■ Available data:

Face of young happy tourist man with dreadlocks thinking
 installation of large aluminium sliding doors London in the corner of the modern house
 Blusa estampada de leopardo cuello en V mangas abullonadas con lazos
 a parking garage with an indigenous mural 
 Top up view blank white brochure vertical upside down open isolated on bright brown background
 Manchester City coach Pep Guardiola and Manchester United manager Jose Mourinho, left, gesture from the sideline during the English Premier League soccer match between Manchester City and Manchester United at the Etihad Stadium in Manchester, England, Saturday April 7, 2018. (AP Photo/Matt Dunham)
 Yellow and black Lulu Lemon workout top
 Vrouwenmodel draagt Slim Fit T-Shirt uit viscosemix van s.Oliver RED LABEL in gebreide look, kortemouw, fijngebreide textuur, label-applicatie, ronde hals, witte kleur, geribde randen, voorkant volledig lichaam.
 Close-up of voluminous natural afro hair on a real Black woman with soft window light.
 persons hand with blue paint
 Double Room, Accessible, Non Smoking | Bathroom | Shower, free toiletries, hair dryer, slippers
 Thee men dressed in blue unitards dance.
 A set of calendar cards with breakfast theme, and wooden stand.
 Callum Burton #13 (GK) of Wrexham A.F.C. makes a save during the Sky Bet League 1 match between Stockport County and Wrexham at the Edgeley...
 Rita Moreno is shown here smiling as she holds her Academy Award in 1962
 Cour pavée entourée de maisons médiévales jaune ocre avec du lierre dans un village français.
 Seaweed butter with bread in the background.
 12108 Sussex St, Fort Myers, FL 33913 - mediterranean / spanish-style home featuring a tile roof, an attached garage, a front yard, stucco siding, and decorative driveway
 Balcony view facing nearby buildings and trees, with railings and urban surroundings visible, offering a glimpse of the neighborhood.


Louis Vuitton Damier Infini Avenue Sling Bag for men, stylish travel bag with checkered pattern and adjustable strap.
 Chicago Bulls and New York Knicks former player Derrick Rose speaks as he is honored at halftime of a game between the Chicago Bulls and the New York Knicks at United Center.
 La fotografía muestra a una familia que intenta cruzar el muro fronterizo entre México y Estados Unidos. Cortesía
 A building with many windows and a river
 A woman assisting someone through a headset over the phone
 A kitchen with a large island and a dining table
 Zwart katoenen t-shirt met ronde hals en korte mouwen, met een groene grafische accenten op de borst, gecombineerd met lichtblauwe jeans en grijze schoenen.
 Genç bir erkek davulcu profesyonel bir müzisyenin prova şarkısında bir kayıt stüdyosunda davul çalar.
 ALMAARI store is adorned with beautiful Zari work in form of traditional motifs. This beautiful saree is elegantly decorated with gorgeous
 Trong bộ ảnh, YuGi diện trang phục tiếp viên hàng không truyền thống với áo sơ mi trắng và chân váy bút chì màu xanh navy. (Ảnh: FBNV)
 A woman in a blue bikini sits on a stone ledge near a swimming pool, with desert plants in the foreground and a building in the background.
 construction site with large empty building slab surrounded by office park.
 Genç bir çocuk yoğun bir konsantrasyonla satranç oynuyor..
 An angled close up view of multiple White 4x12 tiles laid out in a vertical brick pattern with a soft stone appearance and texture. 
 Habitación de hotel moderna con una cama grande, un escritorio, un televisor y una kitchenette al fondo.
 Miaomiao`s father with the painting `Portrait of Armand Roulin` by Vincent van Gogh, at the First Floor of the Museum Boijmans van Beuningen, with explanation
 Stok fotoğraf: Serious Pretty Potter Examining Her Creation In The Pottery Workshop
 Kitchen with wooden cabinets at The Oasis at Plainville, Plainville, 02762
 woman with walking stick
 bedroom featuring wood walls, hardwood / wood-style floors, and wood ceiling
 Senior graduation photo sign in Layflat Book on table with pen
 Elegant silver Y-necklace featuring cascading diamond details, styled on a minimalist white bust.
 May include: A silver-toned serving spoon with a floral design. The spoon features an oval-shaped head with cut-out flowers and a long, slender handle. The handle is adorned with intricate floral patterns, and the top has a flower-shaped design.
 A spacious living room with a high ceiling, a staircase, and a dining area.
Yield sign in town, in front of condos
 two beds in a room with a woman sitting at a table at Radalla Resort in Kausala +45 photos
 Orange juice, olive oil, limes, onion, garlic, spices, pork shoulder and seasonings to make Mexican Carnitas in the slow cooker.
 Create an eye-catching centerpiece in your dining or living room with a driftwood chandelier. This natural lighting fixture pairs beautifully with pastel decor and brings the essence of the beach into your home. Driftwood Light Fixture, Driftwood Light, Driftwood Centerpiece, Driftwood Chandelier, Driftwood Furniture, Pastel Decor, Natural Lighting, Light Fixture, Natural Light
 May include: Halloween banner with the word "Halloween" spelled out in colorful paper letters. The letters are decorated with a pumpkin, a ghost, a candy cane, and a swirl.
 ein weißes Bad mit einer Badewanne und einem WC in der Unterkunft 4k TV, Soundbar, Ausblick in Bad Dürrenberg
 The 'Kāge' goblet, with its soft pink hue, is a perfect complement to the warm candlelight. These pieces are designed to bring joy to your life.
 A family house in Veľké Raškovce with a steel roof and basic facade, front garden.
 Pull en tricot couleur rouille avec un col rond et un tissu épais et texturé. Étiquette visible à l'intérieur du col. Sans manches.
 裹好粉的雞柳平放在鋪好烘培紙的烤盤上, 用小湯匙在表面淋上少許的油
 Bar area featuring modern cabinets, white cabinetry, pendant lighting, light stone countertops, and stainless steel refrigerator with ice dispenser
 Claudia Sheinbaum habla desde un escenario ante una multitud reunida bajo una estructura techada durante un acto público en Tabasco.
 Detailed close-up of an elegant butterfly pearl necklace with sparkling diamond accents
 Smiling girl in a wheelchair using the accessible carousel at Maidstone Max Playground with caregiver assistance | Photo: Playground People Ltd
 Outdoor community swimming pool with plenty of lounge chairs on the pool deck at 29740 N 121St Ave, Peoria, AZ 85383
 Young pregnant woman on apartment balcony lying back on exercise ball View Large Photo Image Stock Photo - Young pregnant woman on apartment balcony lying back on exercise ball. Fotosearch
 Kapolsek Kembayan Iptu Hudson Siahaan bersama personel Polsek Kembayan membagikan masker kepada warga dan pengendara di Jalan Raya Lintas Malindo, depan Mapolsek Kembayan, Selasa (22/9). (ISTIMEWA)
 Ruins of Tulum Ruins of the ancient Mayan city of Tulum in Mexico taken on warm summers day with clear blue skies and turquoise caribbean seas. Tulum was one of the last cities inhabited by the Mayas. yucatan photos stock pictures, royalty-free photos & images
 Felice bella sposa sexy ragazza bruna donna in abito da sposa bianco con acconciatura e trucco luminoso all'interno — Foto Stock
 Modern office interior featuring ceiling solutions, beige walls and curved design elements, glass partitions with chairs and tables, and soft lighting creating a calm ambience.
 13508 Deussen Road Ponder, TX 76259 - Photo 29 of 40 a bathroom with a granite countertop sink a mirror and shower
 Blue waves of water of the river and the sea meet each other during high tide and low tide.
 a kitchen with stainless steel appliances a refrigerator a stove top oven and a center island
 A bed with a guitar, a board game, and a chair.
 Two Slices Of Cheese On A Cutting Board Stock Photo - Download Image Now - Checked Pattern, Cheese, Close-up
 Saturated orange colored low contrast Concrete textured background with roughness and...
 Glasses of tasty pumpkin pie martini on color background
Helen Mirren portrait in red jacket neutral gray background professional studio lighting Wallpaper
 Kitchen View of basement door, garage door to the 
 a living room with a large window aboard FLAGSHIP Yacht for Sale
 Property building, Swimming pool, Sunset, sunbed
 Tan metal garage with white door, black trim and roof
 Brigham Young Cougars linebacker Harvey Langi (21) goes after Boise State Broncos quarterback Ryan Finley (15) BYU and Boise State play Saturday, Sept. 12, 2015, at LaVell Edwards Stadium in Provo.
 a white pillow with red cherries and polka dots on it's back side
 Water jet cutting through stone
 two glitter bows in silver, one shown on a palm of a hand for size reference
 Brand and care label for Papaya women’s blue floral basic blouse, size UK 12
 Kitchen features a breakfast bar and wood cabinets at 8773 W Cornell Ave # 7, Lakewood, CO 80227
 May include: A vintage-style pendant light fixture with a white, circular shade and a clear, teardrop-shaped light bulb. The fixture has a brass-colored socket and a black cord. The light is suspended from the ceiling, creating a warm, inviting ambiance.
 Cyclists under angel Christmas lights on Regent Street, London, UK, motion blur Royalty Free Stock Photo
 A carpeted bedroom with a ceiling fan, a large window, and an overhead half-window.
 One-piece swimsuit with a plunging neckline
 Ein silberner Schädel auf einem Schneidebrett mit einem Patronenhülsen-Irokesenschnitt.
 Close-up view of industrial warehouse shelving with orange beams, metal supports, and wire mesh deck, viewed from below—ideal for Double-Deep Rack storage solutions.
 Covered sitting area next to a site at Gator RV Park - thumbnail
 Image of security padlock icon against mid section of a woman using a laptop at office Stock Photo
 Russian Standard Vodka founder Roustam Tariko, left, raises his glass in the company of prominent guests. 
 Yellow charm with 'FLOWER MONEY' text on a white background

■ Exercise brief:
Lines holding the string "vertical" are the answer; copy each one from the listing above.

■ Answer box:
 Top up view blank white brochure vertical upside down open isolated on bright brown background
 An angled close up view of multiple White 4x12 tiles laid out in a vertical brick pattern with a soft stone appearance and texture. 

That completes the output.